··· RAW DATA ···
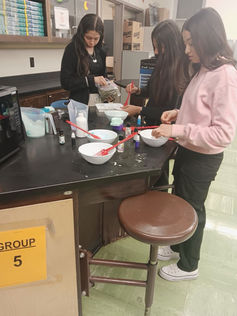 Nemas Gardens STREAM Team Program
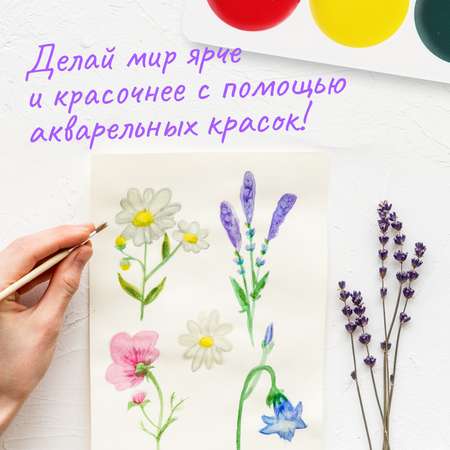 Краски акварель ПАНДАРОГ 12 цв.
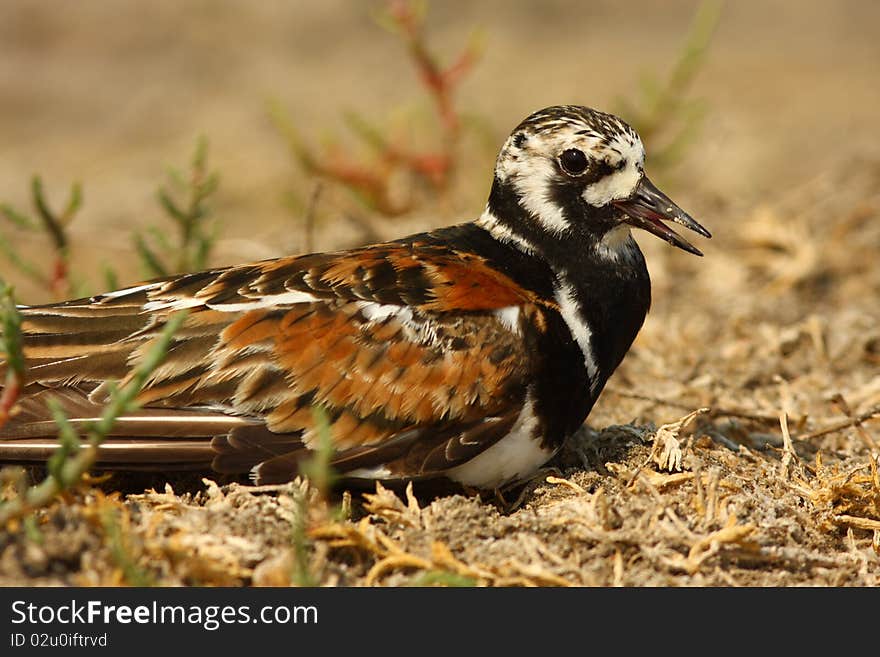 Turnstone on the sea bank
···
### WHAT THE TASK REQUIRES
Please transcribe the listing above verbatim and exclude every picture.

### RESULT BELOW
 Nemas Gardens STREAM Team Program
 Краски акварель ПАНДАРОГ 12 цв.
 Turnstone on the sea bank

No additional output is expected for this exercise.